Moreover, Congress should want claimants to seek fee-shifts because they serve the public good. First, in assuring that more forfeiture claimants are competently represented, fee-shifts reduce the instances where the Government is able to profit from a claimant's ignorance of asset forfeiture procedure. Second, fee-shifts discourage the Government from pursuing bad cases because fee-shifts attach a substantial cost to losing an adjudicated civil forfeiture case. Third, fee-shifts encourage vigorous representation because the attorneys' pay hinges on prevailing. Fourth, fee-shifts make it more economically feasible for attorneys to offer pro bono legal services by providing some assurance that if the litigation does stretch out for years, and if their client substantially prevails, the attorney doesn't bear a crippling expense. Moreover, fee-shifts enable institutions like the ACLU and the Institute for Justice to defend against more injustices by defraying their costs when they prevail. All of these goods, however, go unrealized if the claimant, unaware of the promise of fee-shifts, forgoes consultation with an attorney because the potential legal expense appears to outweigh the value of the property seized.

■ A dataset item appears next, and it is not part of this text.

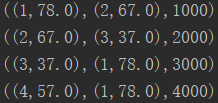 GraphX图计算之aggregateMessages算子案例详解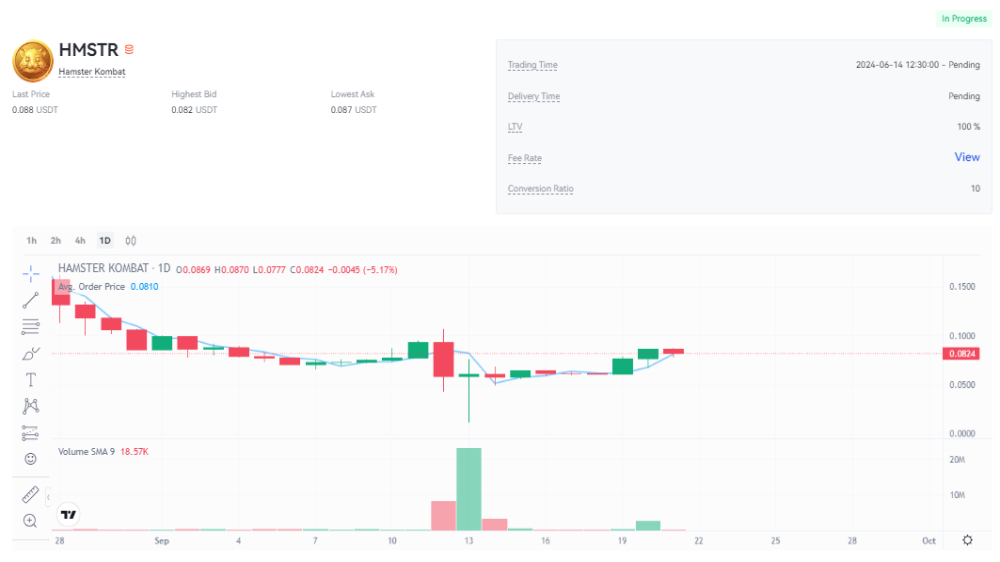 نمودار قیمت امروز همستر کامبت ۳۱ شهریور در بازار پیش عرضه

                    c.) Congress should instruct the Executive branch to standardize forfeiture notifications. Currently, different agencies send out different instructions to potential claimants. That leads to confusion over how to respond to the instructions.

                    d.) Congress should instruct the Executive branch to make clearer the instructions for, and the consequences of, filing a "Petition for Remission and/or Mitigation" or filing a claim contesting the forfeiture. The current instructions are confusing and fail to adequately explain that filing a Petition for Remission and/or Mitigation, in lieu of a claim, concedes the potential claimant's right to have a judge or jury adjudicate the forfeiture action. Furthermore, the instructions obscure the reality that filing a Petition for Remission and/or Mitigation gives the agency (that has already declared its intent to forfeit the property) discretion to decide whether to grant the Petition for Remission and/or Mitigation. The upshot is that some potential claimants mistakenly file Petitions for Remission and/or Mitigation when they mean to file claims or don't understand the consequences of filing such petitions. 

 

 

 



[1] Rep. Dr. Paul Broun, having opted to (unsuccessfully) run for the U.S. Senate in lieu of the U.S. House of Representatives, will be replaced by member-elect Jody Hice (R-GA-10) in the 114th Congress.

[2] Rep. Steve Stockman, having opted to (unsuccessfully) run for the U.S. Senate in lieu of the U.S. House of Representatives, will be replaced by member-elect Dr. Brian Babin (R-TX-36) in the 114th Congress. Notably, Rep. Stockman also introduced H.R. 5847, an act that would have prevented federal agencies from participating in or benefiting "from any multiple-jurisdiction, equitable sharing, or shared civil asset forfeiture program with any State or local government, [or] accept[ing] or adopt[ing] property seized by a State or local government."

[3] Rep. Kerry Bentivolio, having lost the Republican primary to represent Michigan's 11th House district, will be replaced by member-elect Dave Trott (R-MI-11) in the 114th Congress.

[4] Rep. Jim Moran, having opted to retire from the U.S. House of Representatives, will be replaced by member-elect Don Beyer (D-VA-08) in the 114th Congress.